DIRECTIONS FOR THIS TASK: From the first line to the last, copy the data exactly and drop the pictures.

PROVIDED MATERIAL:
/---
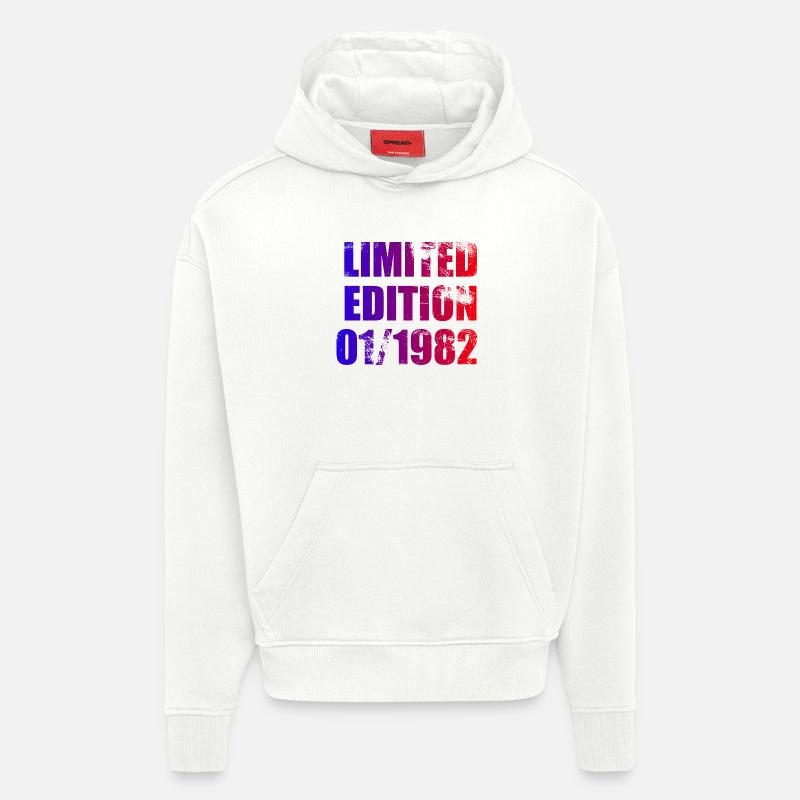 44e anniversaire Édition limitée 01/1982 - Sweat à capuche bio épais oversize fabriqué en UE - OFF WHITE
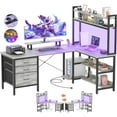 thumbnail image 5 of iSunirm L Shaped Gaming Desk with Storage, Computer Gaming Desk with LED Lights & Hutch, Reversible Computer Desk with Power Outlet, Corner Desk with Drawers, Shelves for Home, White Oak, 5 of 8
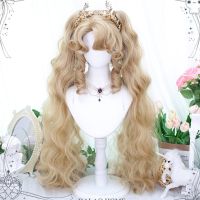 HOUYAN Blonde long wave curly hair Double ponytail curly hair fringe wig cosplay Lolita wig Heat resistant wig Synthetic wig Wig  Hair Extensions Pads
\---
REPLY:
 44e anniversaire Édition limitée 01/1982 - Sweat à capuche bio épais oversize fabriqué en UE - OFF WHITE
 thumbnail image 5 of iSunirm L Shaped Gaming Desk with Storage, Computer Gaming Desk with LED Lights & Hutch, Reversible Computer Desk with Power Outlet, Corner Desk with Drawers, Shelves for Home, White Oak, 5 of 8
 HOUYAN Blonde long wave curly hair Double ponytail curly hair fringe wig cosplay Lolita wig Heat resistant wig Synthetic wig Wig  Hair Extensions Pads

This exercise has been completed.